This course was an overview of Russian history and literature prior to 1900.  Through analytical study of the short works of Pushkin, Gogol, Dostoevsky, and Leskov and the novel A Hero of Our Time by Lermontov, students gained an understanding of and familiarity with themes in Russian history and culture.  Course work included analytical and creative writing, written responses to daily readings, and listening.  Students created their own timeline of Russian history.

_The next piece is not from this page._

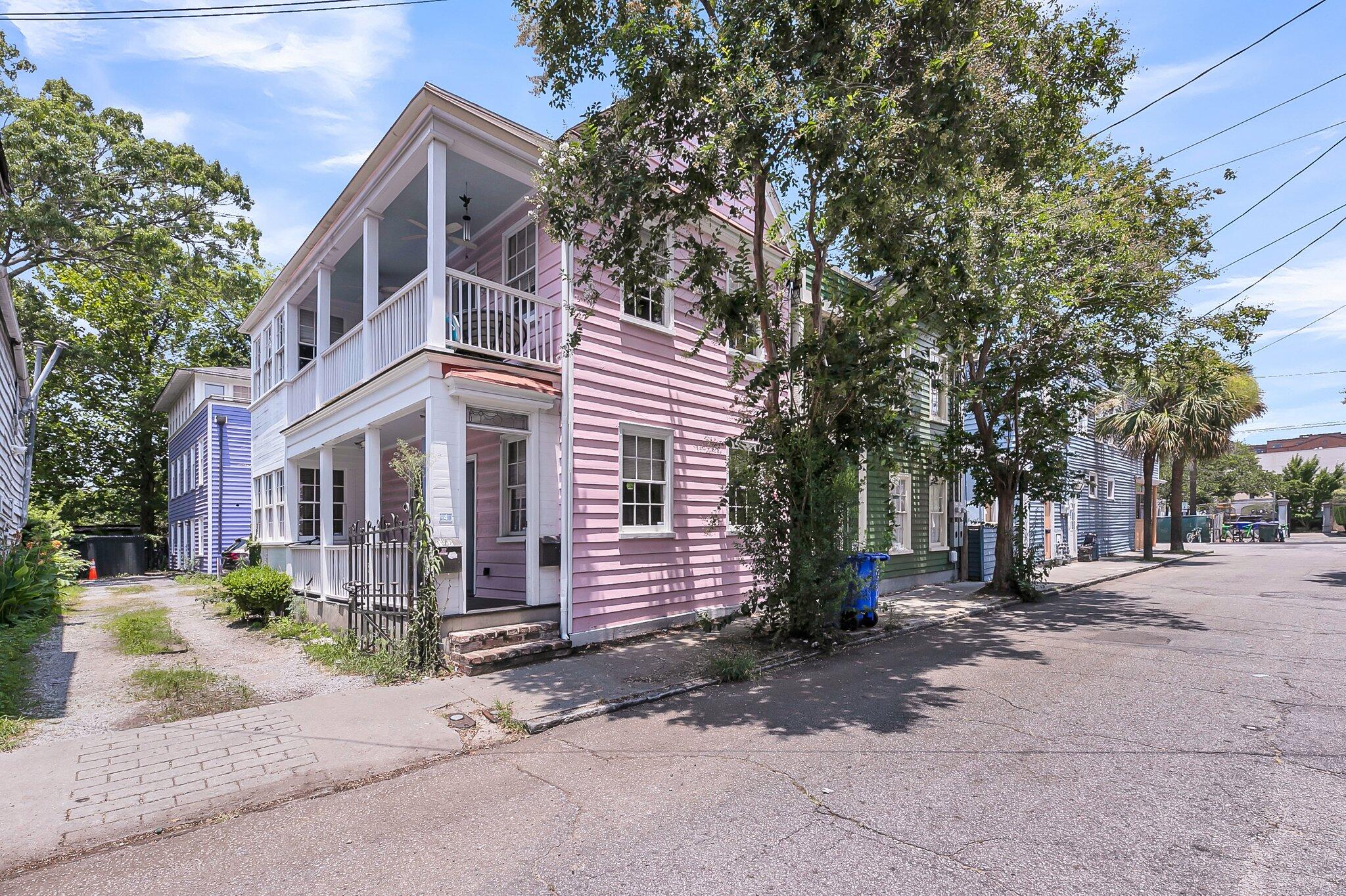 4 Bogard Street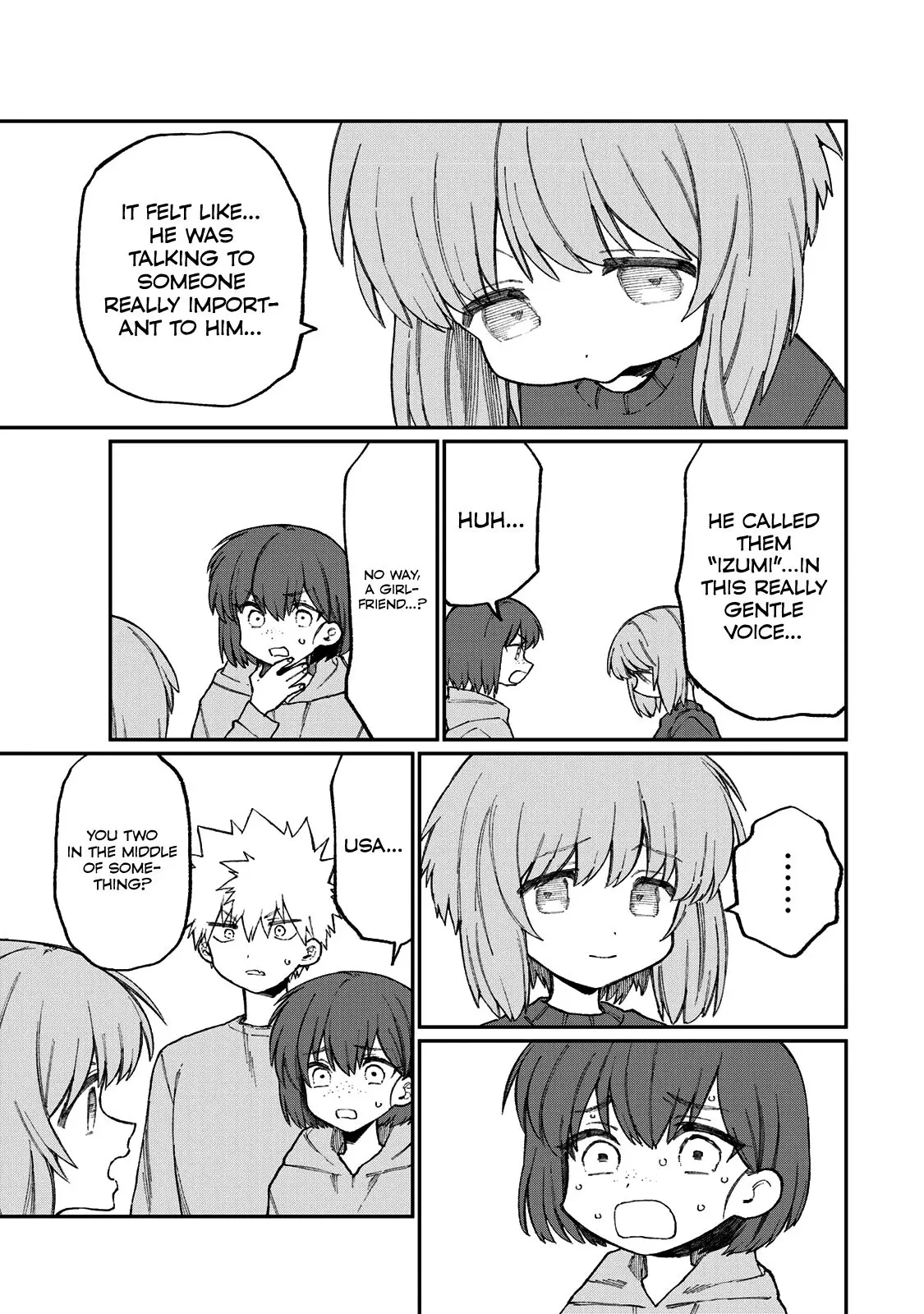 Shikimori's Not Just a Cutie - Chapter 178.2 SIDE STORY 2 - Page 10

Morality in Global Politics

This semester-long course explored the theme of morality in global politics by focusing on dilemmas and decision-making in 20th century world history and current events.  After reading and working with some philosophical texts on the nature of war and the moral complexities of war, student engaged in an in-depth study of World War II through a German lens.  This study brought them back to the unification of the German state under Bismarck, through World War I, the rise of the Nazi Party, and the war itself.  The ethical nature of bombing, civilian targeting, the Holocaust, the role of ordinary citizens and obedience, and American foreign policy were all examined.  The war on the Pacific front was also studied.  Students then engaged in a choice project involving reading, research, and/or oral presentation in which they could examine questions about the nature of war crimes by studying the Rape of Nanking, the Bosnian conflict or the Rwandan Massacre.  The course concluded with a look at the concept of globalization as a current paradigm for global politics and the many philosophical and foreign policy choices the United States has as it determines the role it should play in the world today.  The culminating project of the course was a synthesis piece about the content and themes of the course that could be expressed in writing or through oral presentation.  Throughout the course, students wrote weekly current events papers in which they selected articles on topics of personal interest in world affairs and then responded to them formally in writing and informally in class discussion.

World Religions

This eight-week class explored Judaism, Christianity, and Islam as practiced by people around the world.  By exploring the tenets, rituals, symbols, texts, histories, and beliefs of these three world religions, students came to a better understanding of the basic components of the faiths themselves as well as some overall conclusions about the nature and function of religion.  This class used readings, lectures and guest speakers to explore what “really matters” about each religion.  All students worked in small groups to research and then present findings about one aspect of a chosen religion.  With optional additional work above and beyond the requirements for the presentation, portfolio-eligible work was available in the skills of research and oral presentation.  All students completed a journal that reacted to and reflected on the speakers and the information communicated by the small group presentations and lectures.  This journal was assessed for listening and was portfolio-eligible.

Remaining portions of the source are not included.